EXERCISE GOAL: The answer must be an exact copy of every entry.

=== SOURCE INFORMATION ===

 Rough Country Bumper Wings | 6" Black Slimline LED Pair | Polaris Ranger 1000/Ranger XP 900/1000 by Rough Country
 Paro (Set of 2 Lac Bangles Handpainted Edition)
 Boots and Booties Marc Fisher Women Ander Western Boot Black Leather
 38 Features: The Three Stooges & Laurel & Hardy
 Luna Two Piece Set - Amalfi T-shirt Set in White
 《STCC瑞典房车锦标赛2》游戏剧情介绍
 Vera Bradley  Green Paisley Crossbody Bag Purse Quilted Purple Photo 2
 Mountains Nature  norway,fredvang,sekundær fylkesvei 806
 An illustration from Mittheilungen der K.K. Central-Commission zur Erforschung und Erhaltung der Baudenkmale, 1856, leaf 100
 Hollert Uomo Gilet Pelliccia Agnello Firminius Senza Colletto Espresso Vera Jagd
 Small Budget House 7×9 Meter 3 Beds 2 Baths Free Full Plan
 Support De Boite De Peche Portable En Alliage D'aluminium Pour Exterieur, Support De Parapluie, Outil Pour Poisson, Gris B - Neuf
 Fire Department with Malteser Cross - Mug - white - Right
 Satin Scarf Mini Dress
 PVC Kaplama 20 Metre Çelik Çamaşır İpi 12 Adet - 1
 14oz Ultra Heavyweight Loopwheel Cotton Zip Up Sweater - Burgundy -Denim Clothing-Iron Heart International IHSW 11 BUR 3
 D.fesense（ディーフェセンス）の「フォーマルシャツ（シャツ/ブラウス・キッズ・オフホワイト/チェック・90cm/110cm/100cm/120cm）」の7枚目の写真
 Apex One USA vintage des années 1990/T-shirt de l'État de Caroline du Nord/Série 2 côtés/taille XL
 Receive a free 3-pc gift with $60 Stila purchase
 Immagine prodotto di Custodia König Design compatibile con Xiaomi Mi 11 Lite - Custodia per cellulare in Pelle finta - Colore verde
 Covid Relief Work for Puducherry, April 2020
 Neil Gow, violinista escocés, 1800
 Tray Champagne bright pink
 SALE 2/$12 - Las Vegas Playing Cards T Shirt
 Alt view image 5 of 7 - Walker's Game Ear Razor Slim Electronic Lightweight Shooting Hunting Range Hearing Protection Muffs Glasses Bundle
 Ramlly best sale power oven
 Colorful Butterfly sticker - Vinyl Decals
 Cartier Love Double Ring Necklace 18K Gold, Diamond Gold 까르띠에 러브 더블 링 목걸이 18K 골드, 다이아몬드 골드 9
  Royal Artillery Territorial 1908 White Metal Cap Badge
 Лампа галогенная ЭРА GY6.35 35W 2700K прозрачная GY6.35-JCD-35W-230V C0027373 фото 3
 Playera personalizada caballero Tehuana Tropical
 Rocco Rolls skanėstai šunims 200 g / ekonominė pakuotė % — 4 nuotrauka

===

SOLVED PROBLEM:
 Rough Country Bumper Wings | 6" Black Slimline LED Pair | Polaris Ranger 1000/Ranger XP 900/1000 by Rough Country
 Paro (Set of 2 Lac Bangles Handpainted Edition)
 Boots and Booties Marc Fisher Women Ander Western Boot Black Leather
 38 Features: The Three Stooges & Laurel & Hardy
 Luna Two Piece Set - Amalfi T-shirt Set in White
 《STCC瑞典房车锦标赛2》游戏剧情介绍
 Vera Bradley  Green Paisley Crossbody Bag Purse Quilted Purple Photo 2
 Mountains Nature  norway,fredvang,sekundær fylkesvei 806
 An illustration from Mittheilungen der K.K. Central-Commission zur Erforschung und Erhaltung der Baudenkmale, 1856, leaf 100
 Hollert Uomo Gilet Pelliccia Agnello Firminius Senza Colletto Espresso Vera Jagd
 Small Budget House 7×9 Meter 3 Beds 2 Baths Free Full Plan
 Support De Boite De Peche Portable En Alliage D'aluminium Pour Exterieur, Support De Parapluie, Outil Pour Poisson, Gris B - Neuf
 Fire Department with Malteser Cross - Mug - white - Right
 Satin Scarf Mini Dress
 PVC Kaplama 20 Metre Çelik Çamaşır İpi 12 Adet - 1
 14oz Ultra Heavyweight Loopwheel Cotton Zip Up Sweater - Burgundy -Denim Clothing-Iron Heart International IHSW 11 BUR 3
 D.fesense（ディーフェセンス）の「フォーマルシャツ（シャツ/ブラウス・キッズ・オフホワイト/チェック・90cm/110cm/100cm/120cm）」の7枚目の写真
 Apex One USA vintage des années 1990/T-shirt de l'État de Caroline du Nord/Série 2 côtés/taille XL
 Receive a free 3-pc gift with $60 Stila purchase
 Immagine prodotto di Custodia König Design compatibile con Xiaomi Mi 11 Lite - Custodia per cellulare in Pelle finta - Colore verde
 Covid Relief Work for Puducherry, April 2020
 Neil Gow, violinista escocés, 1800
 Tray Champagne bright pink
 SALE 2/$12 - Las Vegas Playing Cards T Shirt
 Alt view image 5 of 7 - Walker's Game Ear Razor Slim Electronic Lightweight Shooting Hunting Range Hearing Protection Muffs Glasses Bundle
 Ramlly best sale power oven
 Colorful Butterfly sticker - Vinyl Decals
 Cartier Love Double Ring Necklace 18K Gold, Diamond Gold 까르띠에 러브 더블 링 목걸이 18K 골드, 다이아몬드 골드 9
  Royal Artillery Territorial 1908 White Metal Cap Badge
 Лампа галогенная ЭРА GY6.35 35W 2700K прозрачная GY6.35-JCD-35W-230V C0027373 фото 3
 Playera personalizada caballero Tehuana Tropical
 Rocco Rolls skanėstai šunims 200 g / ekonominė pakuotė % — 4 nuotrauka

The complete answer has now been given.